Paul: A denial of science is translated into, “It’s too early.” Acknowledgment of science causes a shift to complacency. It is either, “We don’t believe it,” or, “We’re not going to do anything about it.” These are reactions to science that are pretending to be descriptions of where we are in time. It is not early; it is not late. Those are false constructions that are meant to mask denial and complacency, but we have fixed them into a temporal sequence as if they were a function of time. 

Paul Elmore: You kept saying “lack of ability.” I kept thinking, “lack of will.”

Charles: That is my version of Antonio Gramsci’s famous quote: one must have “the pessimism of the intellect and the optimism of the will.” You know things are bad but you are going to do it anyway, because it is worthy, because there is a chance. On the coast, we have the optimism of the intellect and the pessimism of the will. There is endless fantasizing and nobody does very much except tread water, which may become a useful skill. So everything unknown is mystifying, and we want to deliberately re-mystify the world. It isn’t the absence of the sacred we should fear; it is the presence of this new sacred, the worship of empty symbols—nature, community—what I call “articulate unmeaning.” I can’t even describe this madness without sounding like I’m reciting “The Hollow Men.”

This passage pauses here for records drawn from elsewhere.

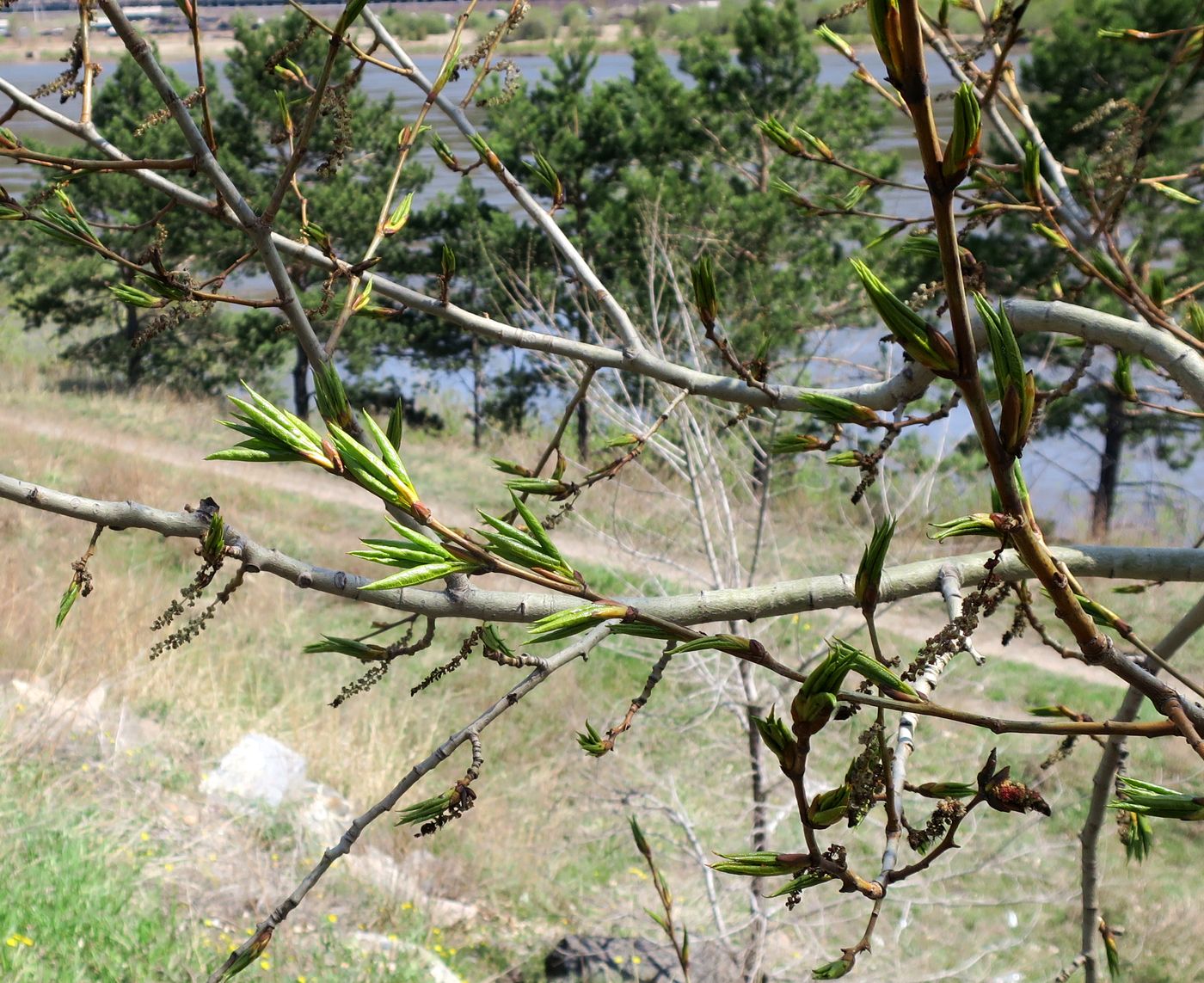 Image of Populus suaveolens specimen.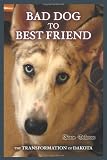 Bad Dog to Best Friend: The Transformation of Dakota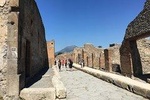 History and Wine - Private car service, guided tour of Pompeii and Wine tasting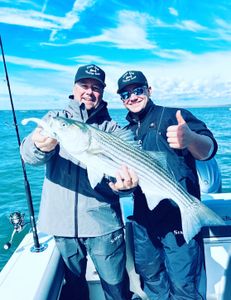 Striped bass caught in Bourne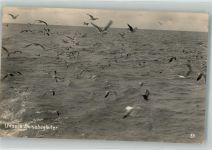 Möwen begleiten auf dem offenen Meer ein deutsches Schiff Möwe Privatfoto AK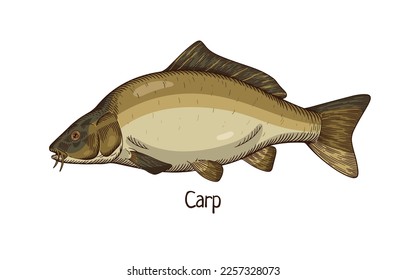 Common carp, realistic vintage drawing. River and lake species of freshwater fish, animal drawn in retro style. Cyprinus carpio side view. Detailed vector illustration isolated on white background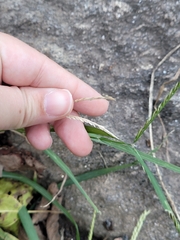 Eleusininae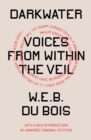 Darkwater : Voices from Within the Veil - eBook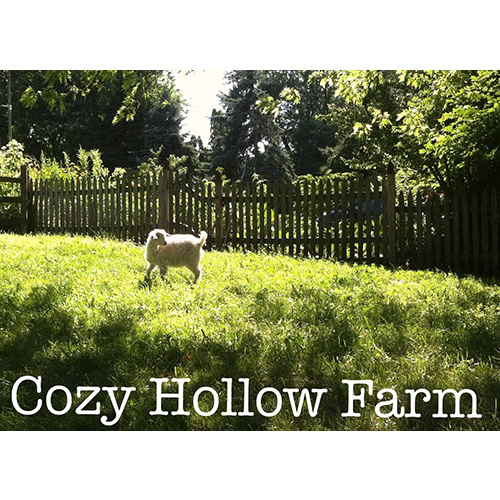 Cozy Hollow Farm, Northfield, VT - Vermont Fibershed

Paul: In the ancient world, it was held that sailors were insane. They were denied the right to vote, they couldn’t act as a witness in a court or serve on a jury. Sailors were considered criminalized because anyone who would get on a ship and go off on the sea was obviously an unreliable person, rationally unreliable. And primarily it was the shipping ports that brought the plague into Europe. What caused the plague was global trade. There was a pre-sentiment that there was something threatening about trade. And there was. It has, maybe, a similar relationship to knowledge.